Seul le communiste Fabien Roussel, qui se plie généreusement aux codes de la politique spectacle, fait, un temps, un peu d’ombre à l’Insoumis, qui reste, cette fois, imperturbable. « Ça fait 19 mois que je suis en campagne, 19 mois que je me suis engueulé avec personne à gauche, se félicitait Mélenchon, lors de son dernier meeting avant le premier tour, à Lille, mardi 5 avril. Ça me cuit la bouche, mais je ne le ferai pas. Pour pas désespérer, je suis capable d’avoir trois bons mots à la minute s’il le faut. »

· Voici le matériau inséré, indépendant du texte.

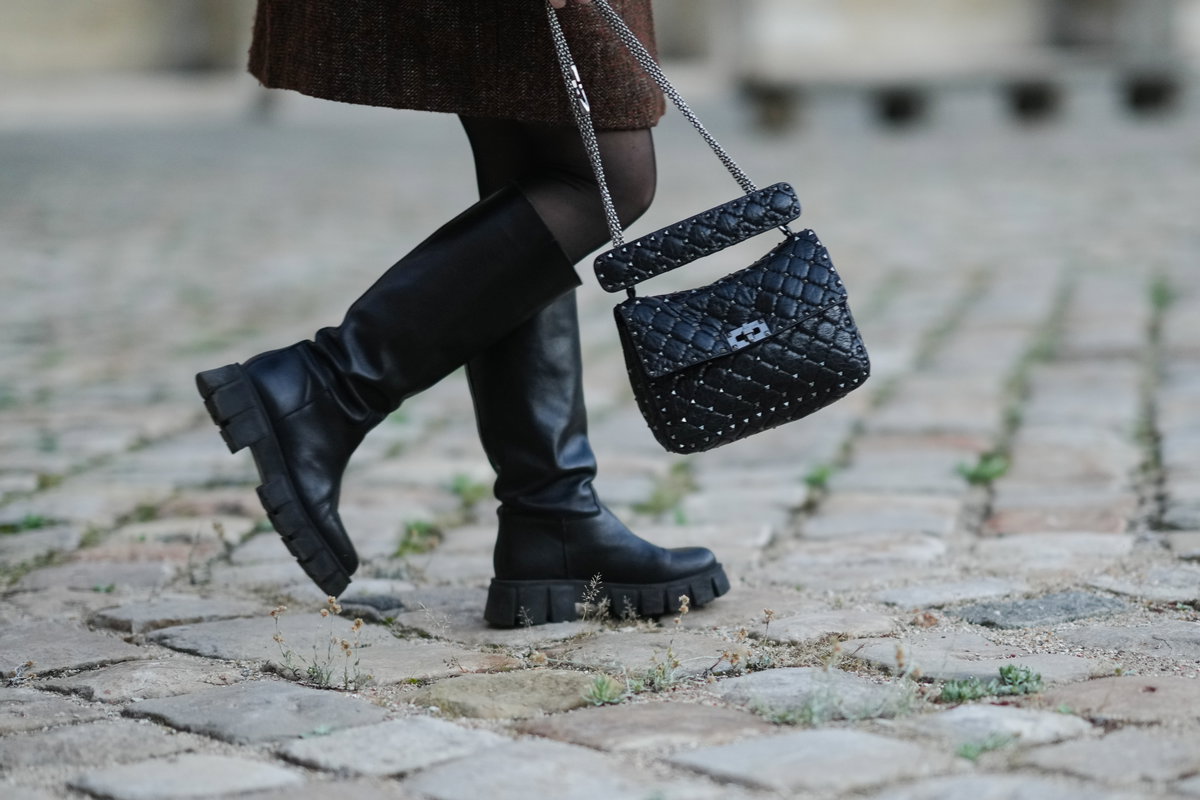 Frau trägt Stiefel mit Handtasche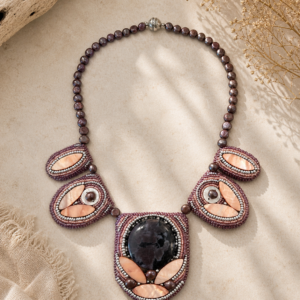 Statement necklace featuring plum pearl beads, blush shell accents, and intricate bead embroidery surrounding a dramatic floral-patterned cabochon centerpiece.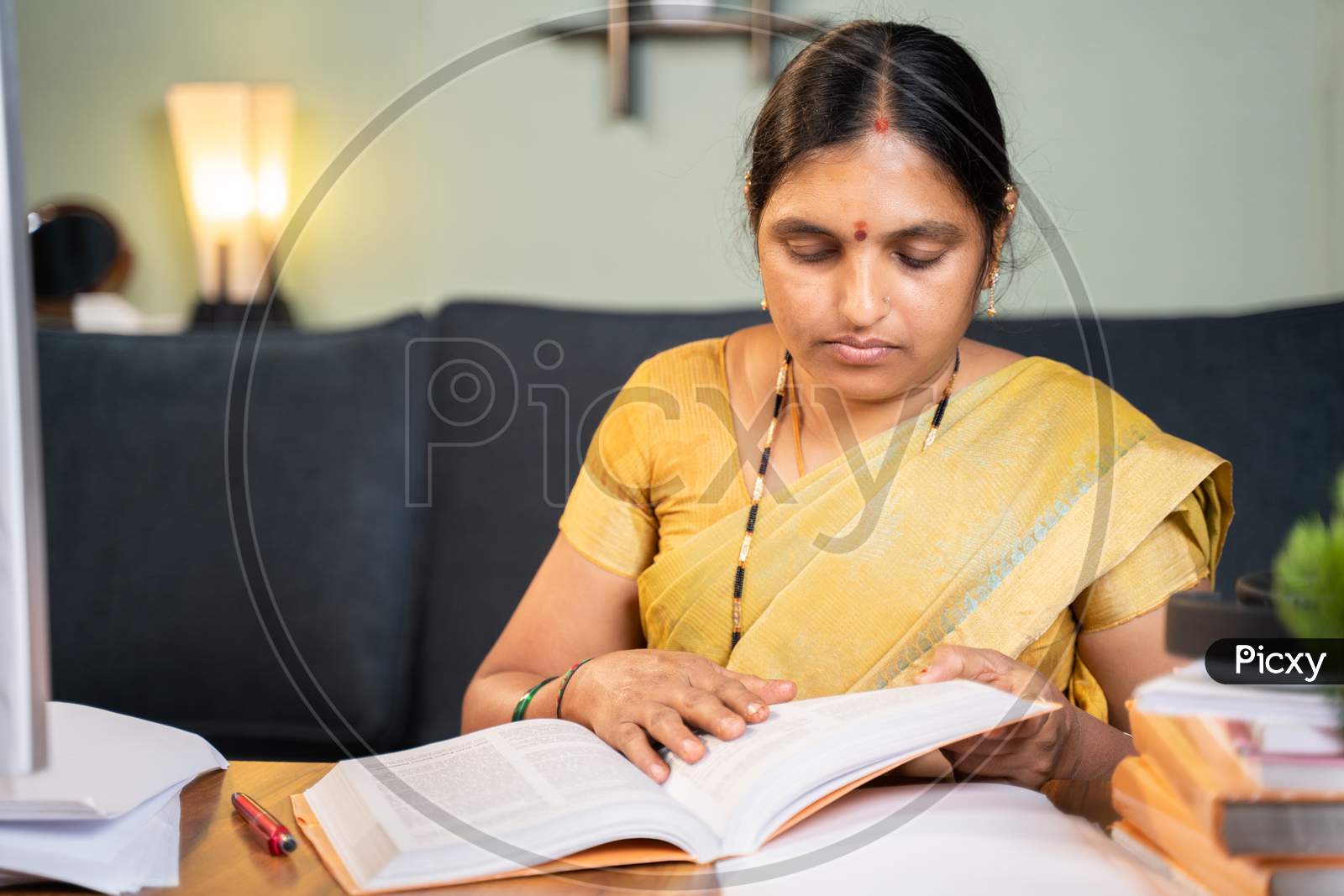 Indian Woman Busy Preparing Form Fom Seeing Books For Teaching Online Class - 40S Lady Studying By Referring Books For Examination At Home.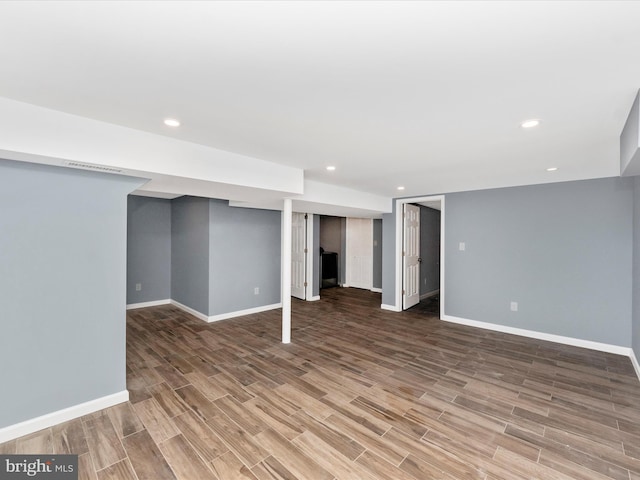 basement with hardwood / wood-style flooring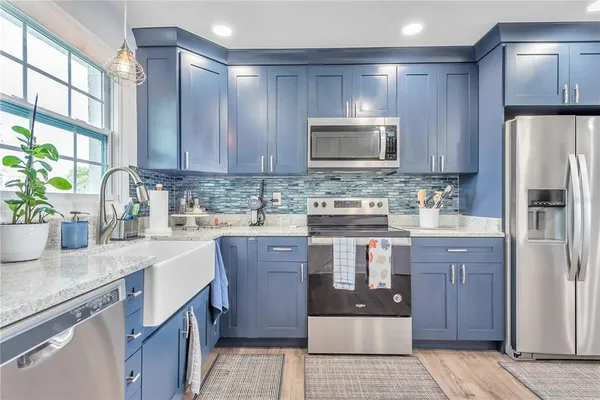 a kitchen with kitchen island granite countertop a sink stove and refrigerator
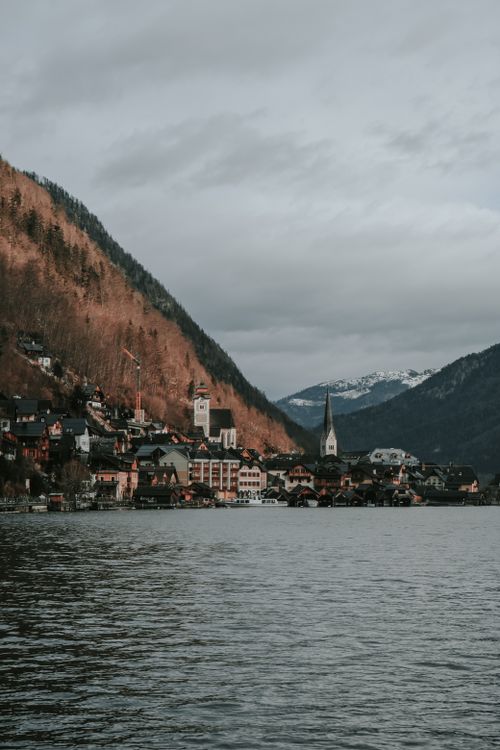 Free Charming village by a tranquil lake surrounded by mountains, ideal for travel enthusiasts. Stock Photo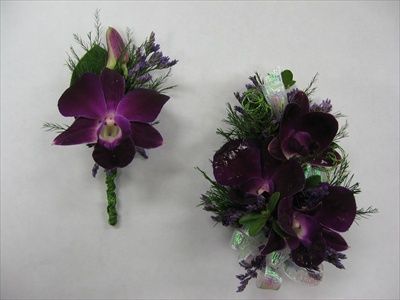 Dark purple dendrobium orchid corsage and boutonniere Purple And Black Corsage, Prom Corsage Purple, Orchid Corsage, Prom Things, Purple Boutonniere, Black Corsage, Orchid Boutonniere, Corsage Ideas, Orchid Corsages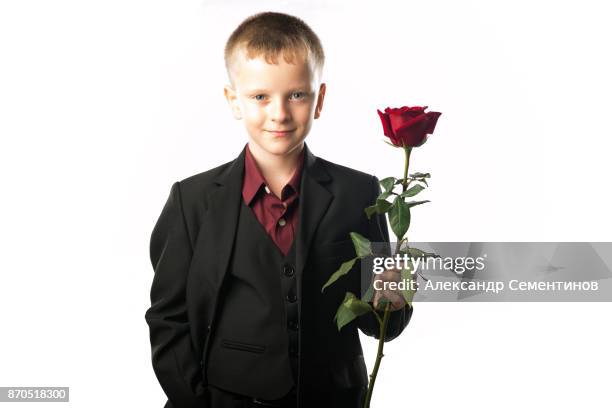 guy with the red rose. young man distinguished figure in a dark suit. - birthday suit ストックフォトと画像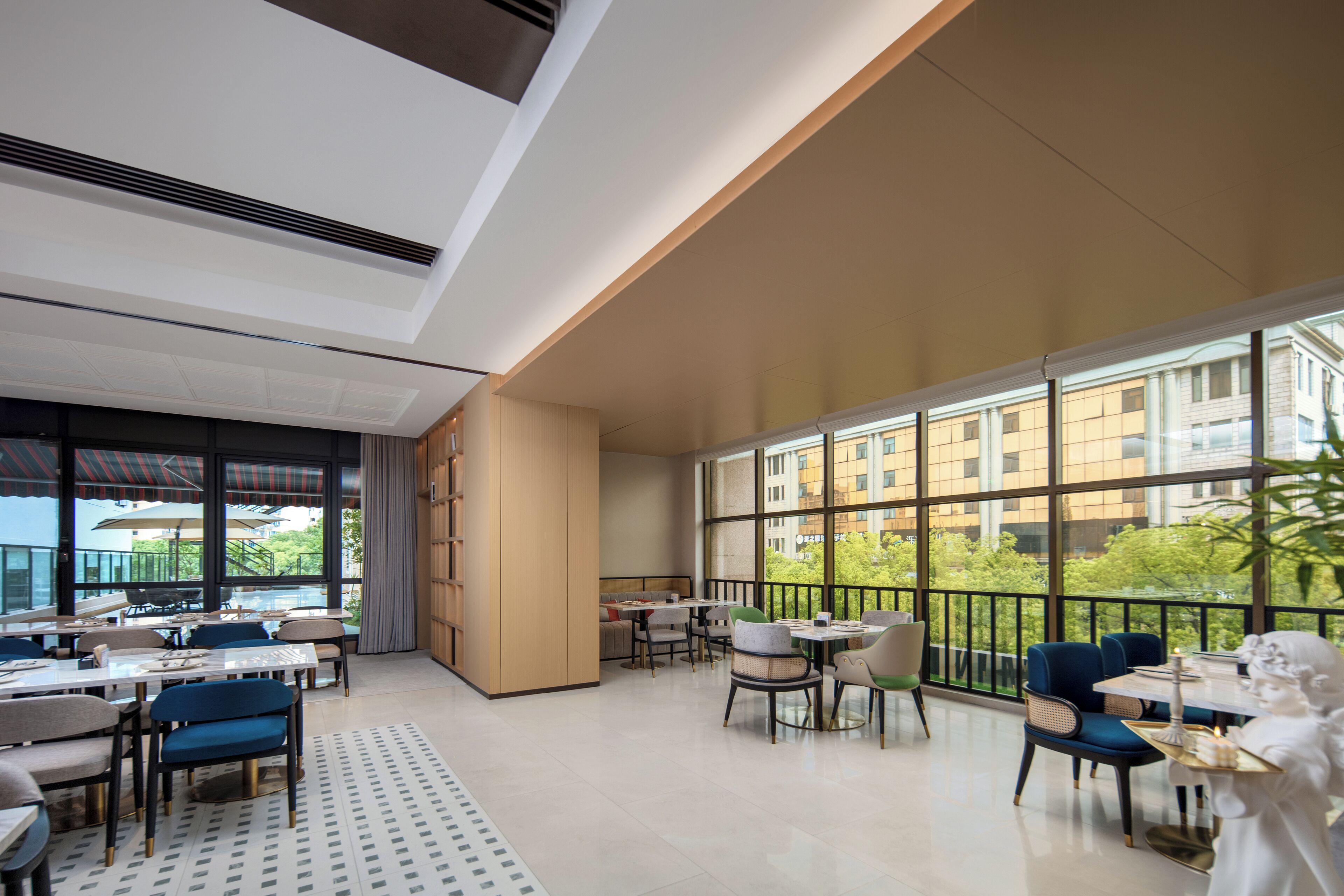 A spacious indoor area with multiple tables and chairs, large windows offering views of buildings and trees, and a statue on a table.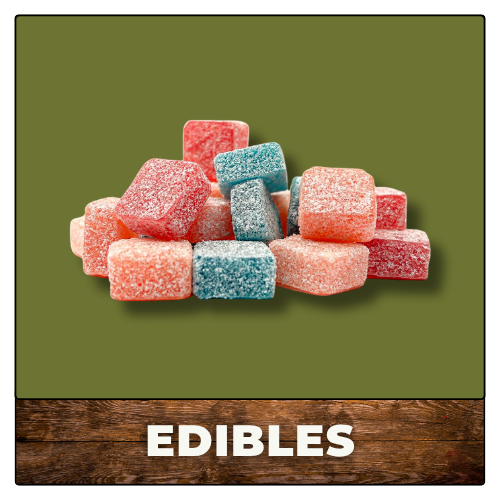 Assorted red, blue, and pink sugar-coated gummy edibles stacked on a green background.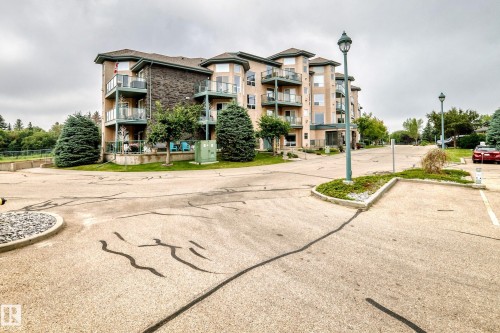 #209 102 Bridgeport Cx, Leduc, AB - Outdoor With Balcony With Facade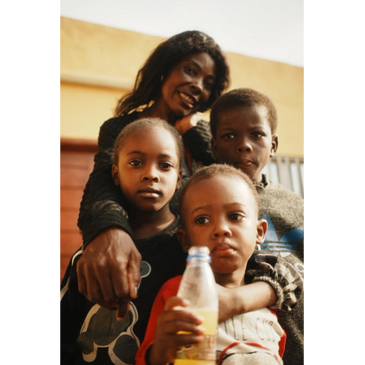A smiling woman with three children, one holding a bottle.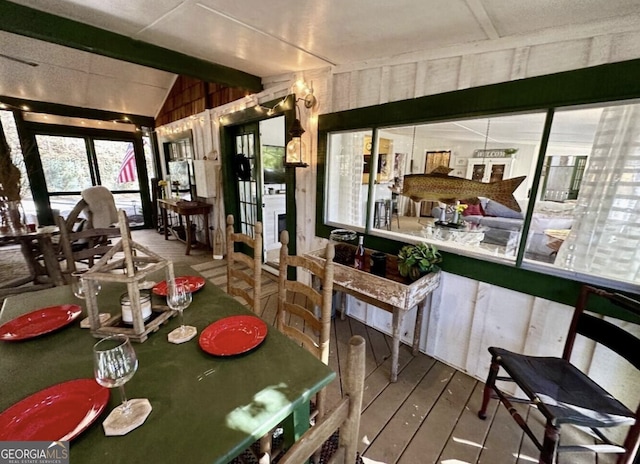 dining room with wood-type flooring and lofted ceiling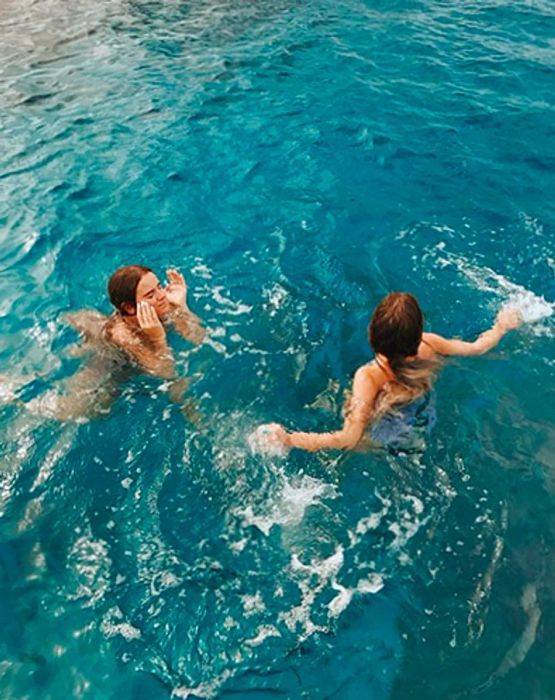 Tess & Sarah swimming on the water's surface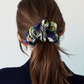 A rear view portrait of a woman model with her brown hair tied back in a ponytail, adorned with a luxury patterned silk scrunchie in blue, green, and yellow on a white background.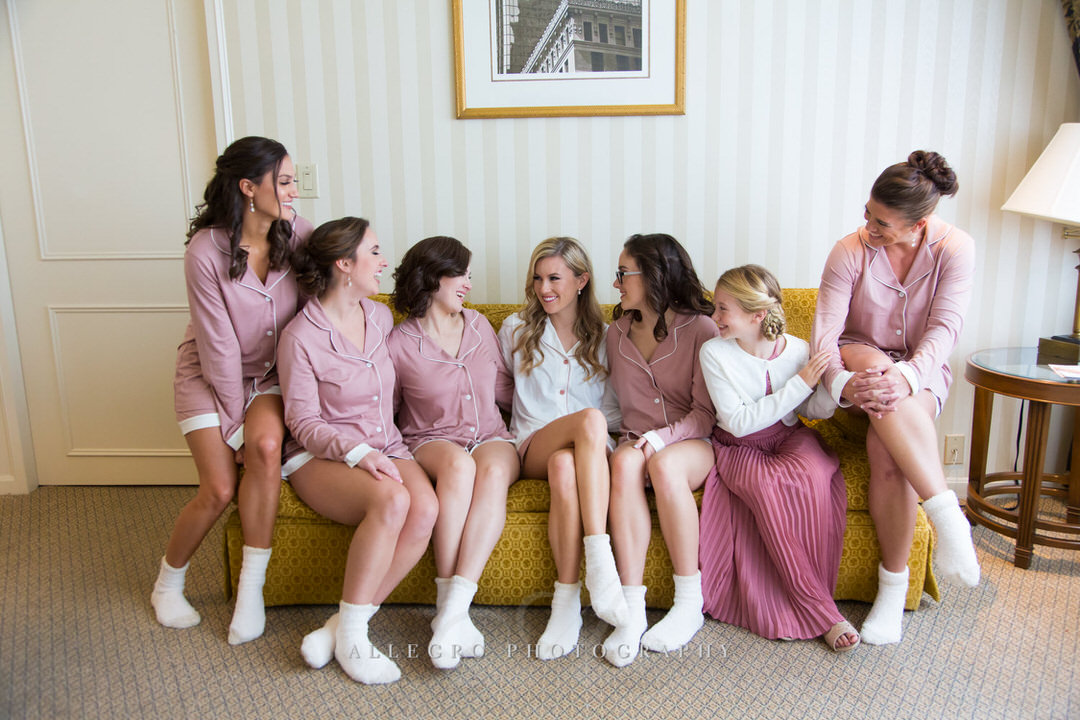 Bride and Bridesmaids share laughs while getting ready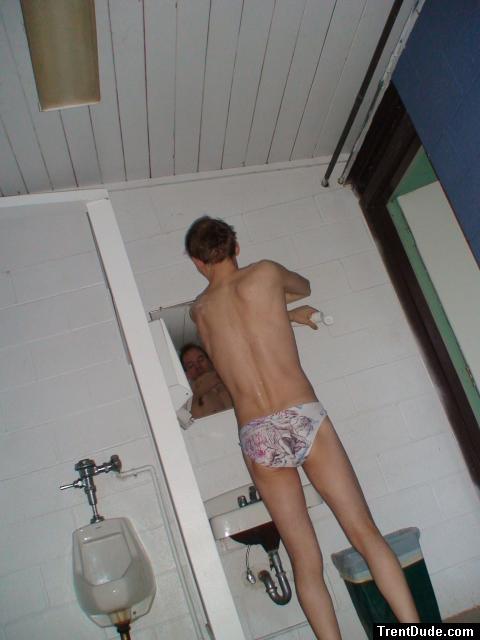 back side of the Love Letter swim brief (applying swim lotion to back)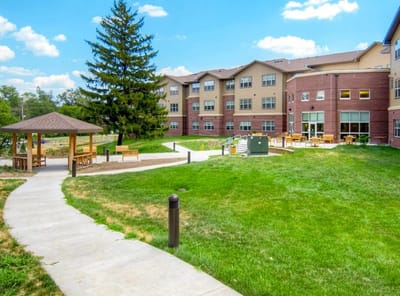 Exterior view of Fort Des Moines Senior Housing with outdoor space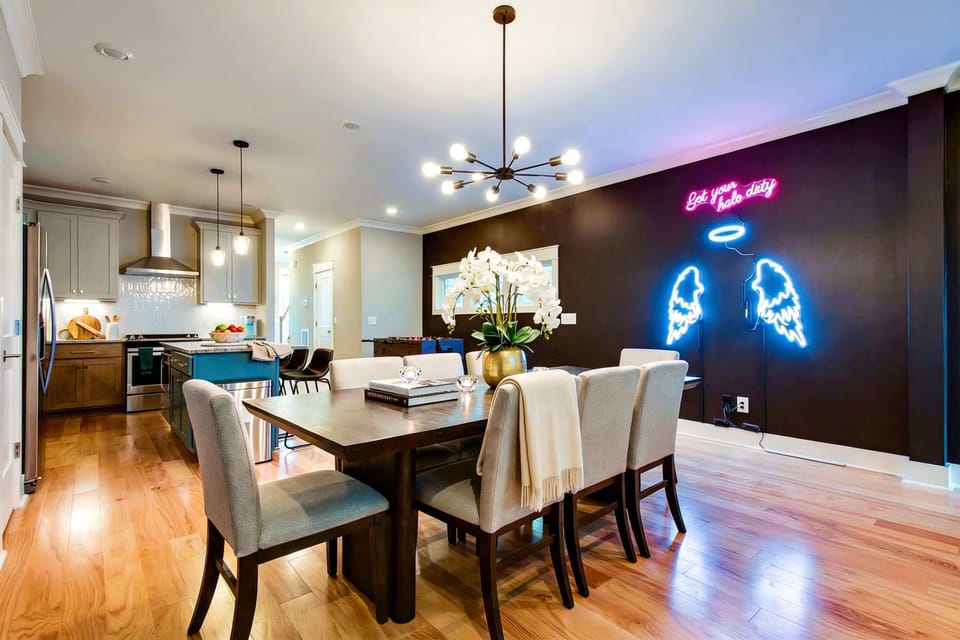Full dining setup with a chandelier, table for the whole crew, and neon accents keeps meals and group moments centered in one welcoming room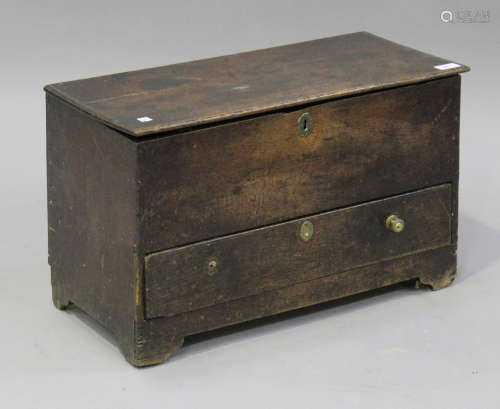 A small 18th century oak mule chest, the removable lid above a drawer, on bracket feet, height 37cm,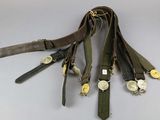 a lot of belts that are tied together on a table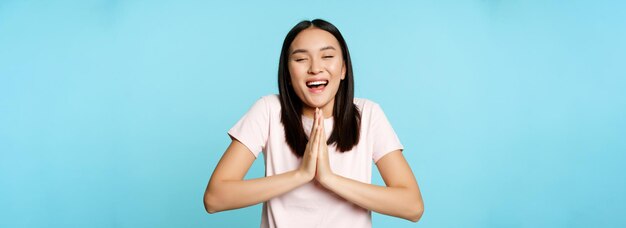 Une femme asiatique heureuse et souriante montre un geste de namaste mendiant et rêvant de quelque chose qui fait de grands espoirs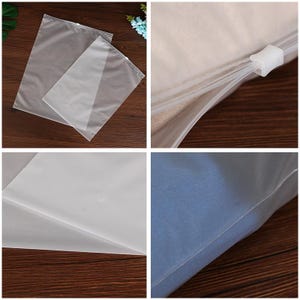 May include: Two clear plastic zippered storage bags, one slightly larger than the other, are laid out on a wooden surface. The bags are made of a thin, translucent material and have a zipper closure along the top edge. The zipper is white and has a small plastic slider.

Le 24 février, la guerre en Ukraine est déclenchée. Elle fait remonter à la surface médiatique les mansuétudes passées de Jean-Luc Mélenchon envers la Russie et donne du grain à moudre à ses contempteurs. Inflexible sur la sortie de l’Otan ou son refus de livrer des armes à l’Ukraine, le candidat arrondit toutefois les angles, se montre plus sévère avec Poutine et finit par qualifier son régime de « dictature », lors de son discours sur la place de la République, le 20 mars. Mais la dynamique est enrayée.

Malgré tout, l’intense mobilisation des cadres et élus insoumis qui mènent toutes les semaines 30 à 40 réunions publiques – et 90 la dernière semaine – porte ses fruits. Même chez les moins convaincus, l’argument du vote « efficace » l’emporte. En quelques semaines, la candidature Mélenchon est soutenue par plusieurs collectifs : tribunes de militants des quartiers populaires, d’économistes, d’intellectuels, mais aussi d’artistes et d’écrivains…

Ces derniers jours ont aussi été marqués par le ralliement de figures ex-socialistes ou proches des écologistes – et même d’un ex-député La République en marche (LREM), Sébastien Nadot. Vendredi, un ultime coup de pouce a été donné par Christiane Taubira, qui a annoncé qu’elle donnerait sa voix à Jean-Luc Mélenchon au premier tour. Autant de nouveaux soutiens bienvenus. Même si, sous le soleil de la plage du Prado le 27 mars, Mélenchon a prévenu : « La pérennité de cette force [l’Union populaire – ndlr], cette fois, se sera affirmée toute seule. » Avant de  promettre que ce 10 avril sera un dimanche de « surprise ».